La bolla immobiliare e i mutui ad alto rischio
Tra il 2000 e il 2006 i prezzi delle case negli Usa crescono senza sosta, generando una vera e propria bolla immobiliare. Tale dinamica era favorita dalla politica monetaria accomodante della Federal Reserve (FED), che mantenne i tassi di interesse su valori storicamente bassi fino al 2004. Tassi di interesse bassi equivalevano a un basso costo del denaro per le famiglie che richiedevano mutui ipotecari, e finirono pertanto con lo stimolare la domanda di abitazioni alimentandone ulteriormente i relativi prezzi. La bolla immobiliare, inoltre, rendeva conveniente la concessione di mutui da parte delle istituzioni finanziarie che, in caso di insolvenza del mutuatario, potevano comunque recuperare il denaro prestato attraverso il pignoramento e la rivendita dell’abitazione.
La cartolarizzazione
Oltre alla bolla immobiliare e ai bassi tassi di interesse, la crescita dei mutui subprime è stata sostenuta anche dallo sviluppo delle operazioni di cartolarizzazione, ossia dalla possibilità per gli istituti creditizi di trasferire i mutui, dopo averli trasformati in un titolo, a soggetti terzi (le cosiddette società veicolo). Questo meccanismo permetteva alle banche di recuperare subito liquidità, le spingeva a erogare ancora più mutui, spesso senza controlli adeguati, e trasferiva il rischio a investitori in tutto il mondo, anche in Europa.

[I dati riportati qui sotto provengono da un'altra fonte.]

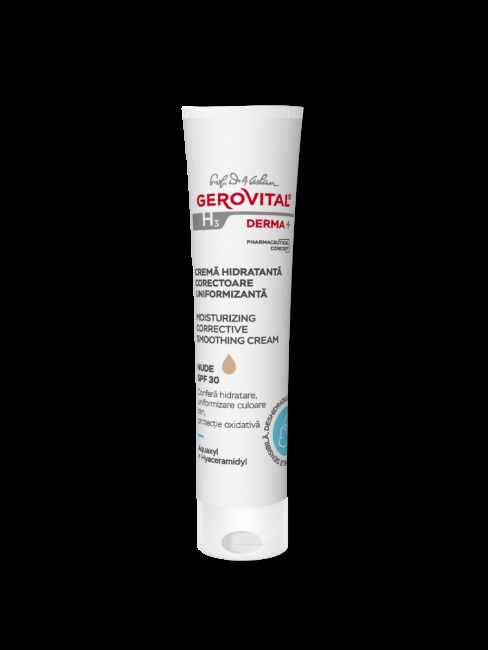 Gerovital H3 Derma+ Crema hidratanta corectoare uniformizanta Nude SPF 30 30 ml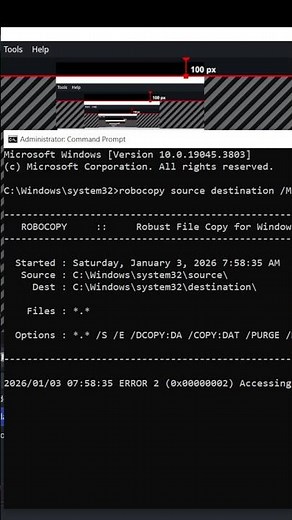 Automate File Backup | Robocopy Script | Windows CMD Tutorial #WindowsBackup #Robocopy #techtech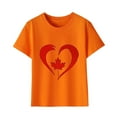 thumbnail image 2 of THDHVS Girls Summer T-Shirts,Summer Casual Tops for Kids,Girls Short Sleeve Heart Print T-Shirts Casual Cotton Tee Tops Blouse Orange 4-5 Years, 2 of 7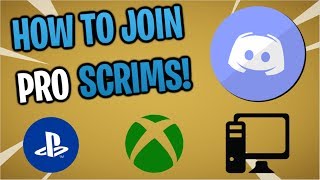 Fortnite How To Join Pro Scrims  Pc amp Console [upl. by Aniaz]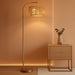 Arc Floor Lamp Timeless BrassFinish Remote Dimmable
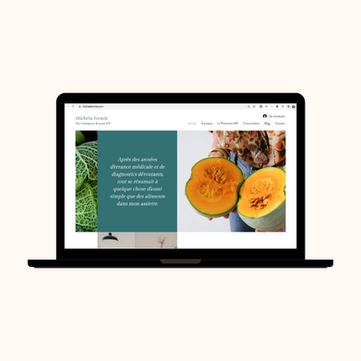 Création site internet pour nutrithérapeute & coach nutrition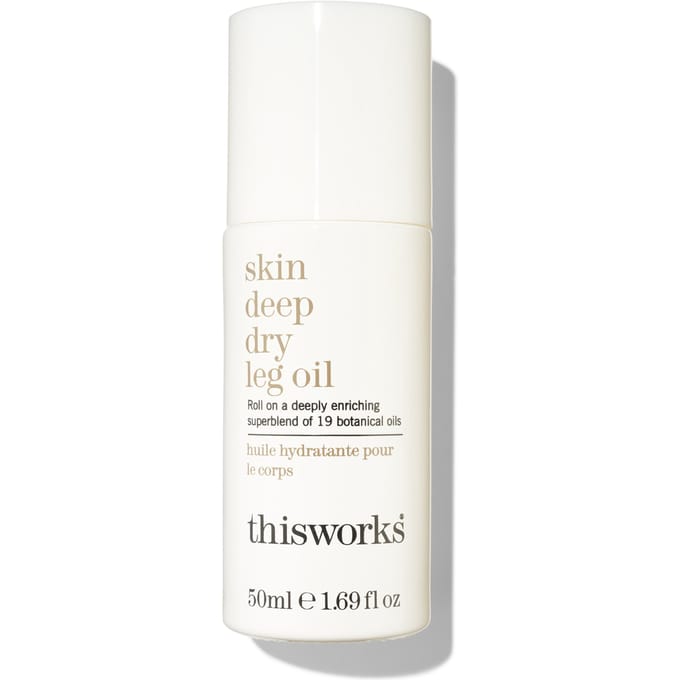 This Works Skin Deep Dry Leg Oil Roller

Le agenzie di rating e la sottovalutazione del rischio
I prodotti finanziari creati da tali meccanismi erano complessi, poco trasparenti e scambiati fuori dai mercati regolamentati. Poiché i prodotti erano difficili da valutare, gli investitori si affidavano ai rating. Le agenzie, però usarono modelli troppo ottimistici, assegnarono giudizi eccessivamente positivi e tardarono a correggerli quando la situazione peggiorò. Questo contribuì a diffondere un falso senso di sicurezza.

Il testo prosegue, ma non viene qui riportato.